Only 13 patients (6 LD and 7 LD/DTv) have been receiving botulinum toxin injections on a regular basis for the management of their symptoms. These patients returned for the follow-up study at the peak of their botulinum toxin treatment (1.5 months after the last injection) to examine the combined effects of SXB and botulinum toxin. The same procedures as described above were repeated for these patients.

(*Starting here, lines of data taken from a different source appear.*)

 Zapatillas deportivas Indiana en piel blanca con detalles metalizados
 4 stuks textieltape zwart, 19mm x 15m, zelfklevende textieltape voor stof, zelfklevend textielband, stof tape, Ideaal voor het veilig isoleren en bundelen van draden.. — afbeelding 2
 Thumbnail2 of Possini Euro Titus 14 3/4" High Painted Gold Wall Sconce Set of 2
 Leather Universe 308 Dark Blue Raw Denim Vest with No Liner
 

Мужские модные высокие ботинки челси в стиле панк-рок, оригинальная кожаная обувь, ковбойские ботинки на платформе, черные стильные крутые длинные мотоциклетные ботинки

As reported earlier11, 18 LD and 19 LD/DTv had a clinical response to SXB (from here on SXB+), whereas 6 LD and 2 LD/DTv patients did not have any symptom improvement (from here on SXB-). This assessment was based on the perceptual evaluation of voice symptoms, which were audio recorded at a baseline and 40 min after drug intake using 20 sentences with high content of vowels to elicit ADSD symptoms and 20 sentences with high content of voiceless consonants to elicit ABSD symptoms38. Voice recordings were anonymized and randomized for pre- and post-drug assessments; voice symptoms (breaks, harshness, breathiness and tremor) were blindly rated by an experienced speech-language pathologist (AFR), as reported previously1,12,18,22,23,42. There was no significant relationship between the symptom severity and treatment response (SD: all r ≤ 0.16, all p ≥ 0.46; SD/DTv: all r ≤ 0.21, all p ≥ 0.35).

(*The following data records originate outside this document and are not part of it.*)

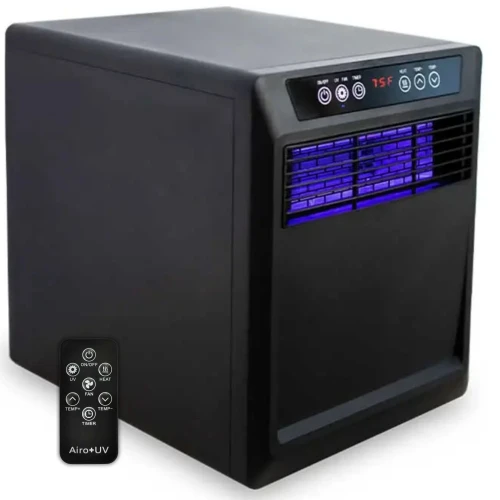 left angle view of black square heater and remote control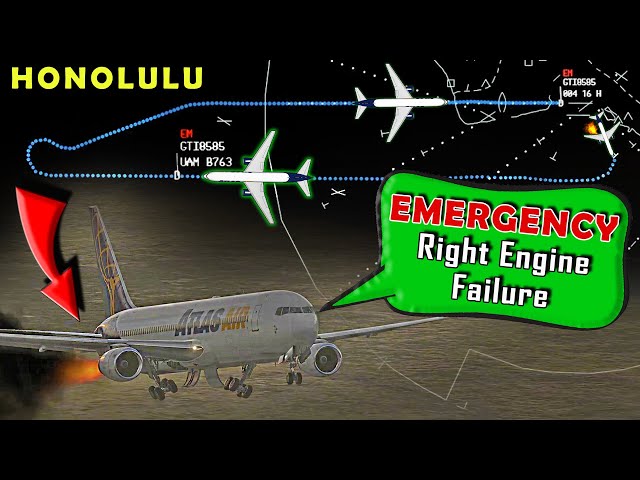 Atlas Air B767 has RIGHT ENGINE FIRE after takeoff | Emergency Return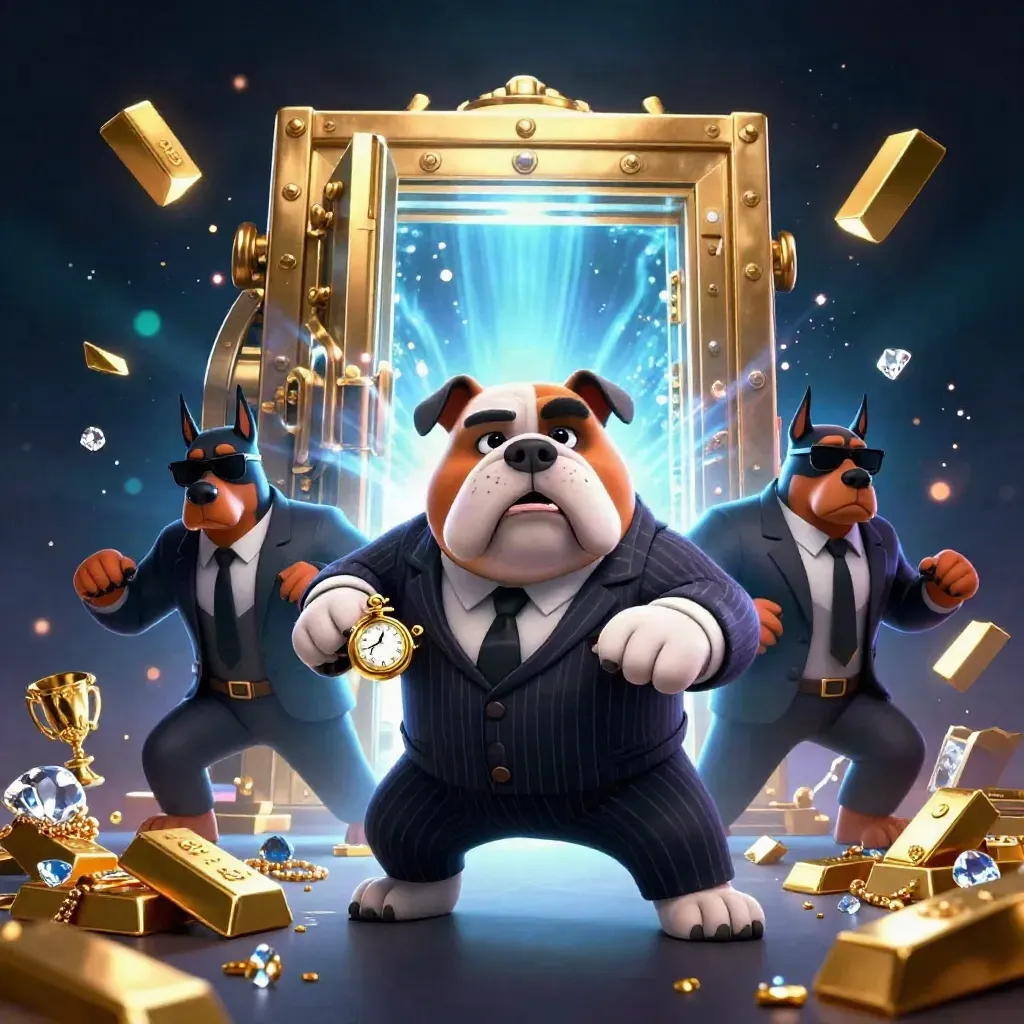 Mobster bulldog and two Dobermans burst from a glowing gold vault amid jewels and icy cyan light.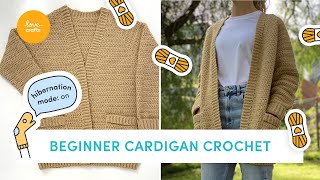 Simple Crochet Cardigan Tutorial  SUPER BEGINNER  LoveCrafts [upl. by Areval]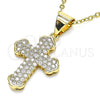 Dije Religioso 05.342.0049 Oro Laminado, Diseño de Cruz, con Blanca Micro Pave, Pulido, Tono Dorado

The primary aim of this study was to examine the central effects of drug benefits in SXB+ patients. As a secondary exploratory aim, we examined central drug effects in SXB+ and SXB− patients in order to investigate the putative pathways that are selectively modulated in drug-responders vs. drug-nonresponders.

MRI analysis

Imaging data were analyzed using AFNI and FSL software. Following standard pre-processing, the first four volumes in each subject’s time series were discarded to account for magnetization equilibrium. All images were visually inspected for motion artifacts. To assess head motion in each subject, the root mean square (RMS) was calculated for each individual across the entire phfMRI session. Two-sample t-tests between the groups showed no significant differences in head motion at p ≥ 0.43 as well as no significant differences between the motion during task and resting conditions at p ≥ 0.94. Following spatial smoothing of EPI data with a 4-mm Gaussian filter, a single regressor for each task was convolved with a canonical hemodynamic response function and entered into a multiple regression model to predict the observed BOLD response. To correct for residual head motions, six motion parameter estimates were included as covariates of no interest, and quadratic polynomials in time were used to model baseline drifts for each imaging run. Following spatial normalization, a one-way analysis of variance was used for group-level statistical analysis to assess (1) the effect of SXB on abnormal brain function by measuring differences in neural activity before vs. after SXB intake in each patient group, separately, and compared to healthy controls, and (2) modulation of abnormal brain activity by SXB and botulinum toxin. As an exploratory study, we further used a two-sample independent t-test to examine the differences between SXB+ and SXB− patients. Statistical significance was set at a family-wise (FWE) corrected p ≤ 0.05 in AFNI software by randomizing and permuting input datasets to simulate the noise volumes and control the false positive rate. Correction for multiple comparisons at a cluster level was performed to ensure that each reported region reached statistical significance at a priori p ≤ 0.01.

Clinical correlations

The ratings of voice symptoms at a baseline and 40 min after drug intake were used for correlations between SXB effects on voice symptoms and brain activation in LD and LD/DTv patients, separately. Using AFNI software, voxelwise Spearman’s rank correlation coefficients were computed to assess the statistical dependence of post-drug mean percent BOLD signal change during symptomatic speech production with LD and DTv symptoms, respectively, at FWE-corrected p ≤ 0.05.